# Used Car Price Analysis Final Report
### *What Drives the Price of a Used Car?*

**Audience:** Used Car Dealerships
**Objective:** Identify key drivers of used car prices and build predictive models to fine-tune inventory decisions.

---

## 1. Business Objective
Our goal was to determine **what factors most influence used car prices** and how to use this information to:
- Accurately estimate market value
- Optimize vehicle purchasing decisions
- Identify vehicles with strong resale potential

---

## 2. Data Overview
We analyzed a dataset with **over 400,000 used car listings** from across the U.S., containing:
- Price, Year, Manufacturer, Model
- Odometer, Condition, Transmission, Cylinders, Fuel type, and more

After cleaning:
- Focused on cars from the last **30 years**
- Removed price and odometer outliers
- Retained records with realistic and complete data

---

## 3. Feature Engineering
We created powerful new features to better explain price variation:
- `car_age` = 2025 - year
- `miles_per_year` = odometer / car_age
- `price_per_mile` and `price_by_age` = value indicators
- `manufacturer_tier` = luxury vs. standard
- `usage_intensity` = very low to very high usage
- `is_high_power` = 6 or 8 cylinders
- `price_segment` = bucketed price category

---

## 4. Modeling Approach
We tested 3 regression models:
- **Linear Regression** – easy to interpret
- **Ridge Regression** – avoids overfitting with regularization
- **Random Forest Regression** – non-linear, flexible, accurate

### Evaluation Metrics:
- **R²**: How well the model explains price variance
- **Adjusted R²**: Corrected for number of features
- **MSE**: Mean squared error of predictions

---

## 5. Model Performance Summary

| Model              | Train R² | Test R² | Test Adj.
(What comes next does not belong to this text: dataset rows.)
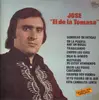 LP - José El De La Tomasa - José 'El De La Tomasa'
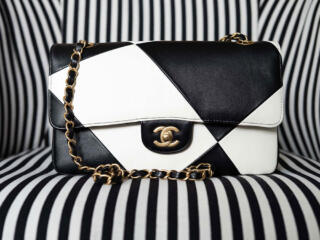 Magme pick chanel torba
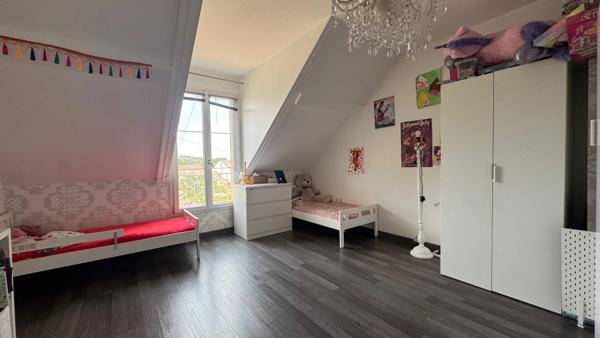 Maison 6 pièces- saint martin -ETAMPES  (91)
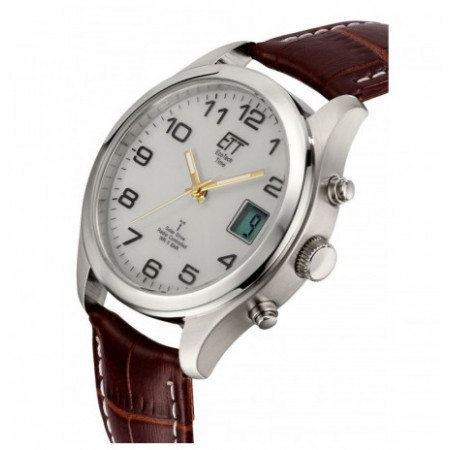 ETT Eco Tech Time EGS-11333-60L laikrodis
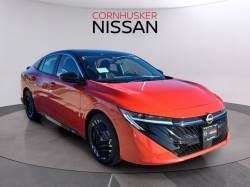 2027 NISSAN SENTRA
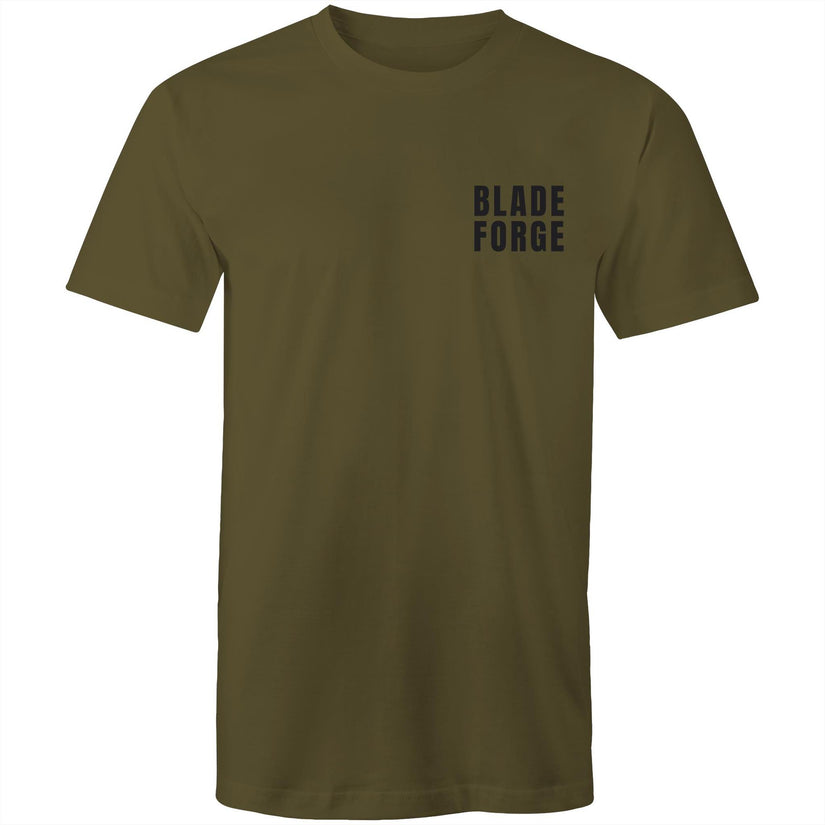 BLADE FORGE T-Shirt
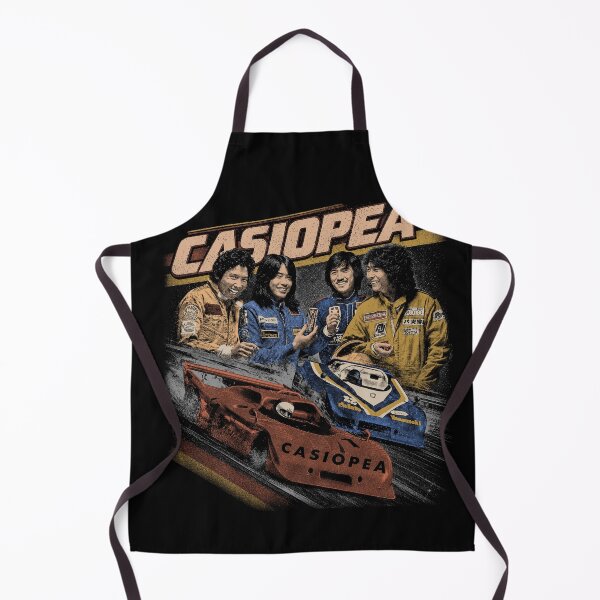 Item preview, Vintage CASIOPEA designed and sold by arzikachelna.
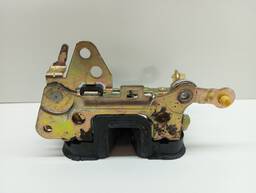 FECHADURA PORTA DIANTEIRA DIREITA CORSA 1996  A 2016 CLASSIC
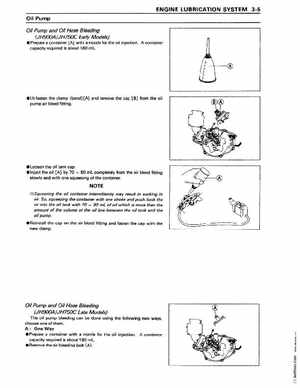1995-1997 Kawasaki 750ZXi-900ZXi Jet Ski Repair Manual., Page 61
R² | Test MSE | Notes                                     |
|--------------------|----------|---------|---------------|-----------|-----------------------------------------|
| Linear Regression  | 0.917    | 0.917   | 0.914         | 0.061     |  Reliable, interpretable                 |
| Ridge Regression   | 0.917    | 0.917   | 0.914         | 0.061     |  Adds regularization                     |
| Random Forest      | 1.000    | 0.999   | 0.999         | 0.0001    |  May be overfitting, but highly accurate |

---

## 6. Key Insights for Dealers

**Factors that drive higher used car prices:**
-  Newer vehicles (low age)
-  Low mileage per year
-  Luxury brand (e.g., BMW, Lexus)
-  6-8 cylinders (high performance)
-  Good condition, clean title, automatic transmission

**Red flags that lower price:**
-  High odometer for age
-  Older cars from low-demand manufacturers
-  Manual transmission or salvage title

---

##  7. Actionable Recommendations

- Focus purchasing on **late-model, low-mileage** inventory
- Prioritize **luxury or high-demand brands** with clean titles
- Avoid overpaying for cars with **high usage intensity**
- Use the model to **predict fair price** before acquiring vehicles

---

##  8. Next Steps

-  Deploy Ridge or Random Forest model in pricing system
-  Build an internal dashboard for predictions
-  Enhance future models with location or seasonal factors

---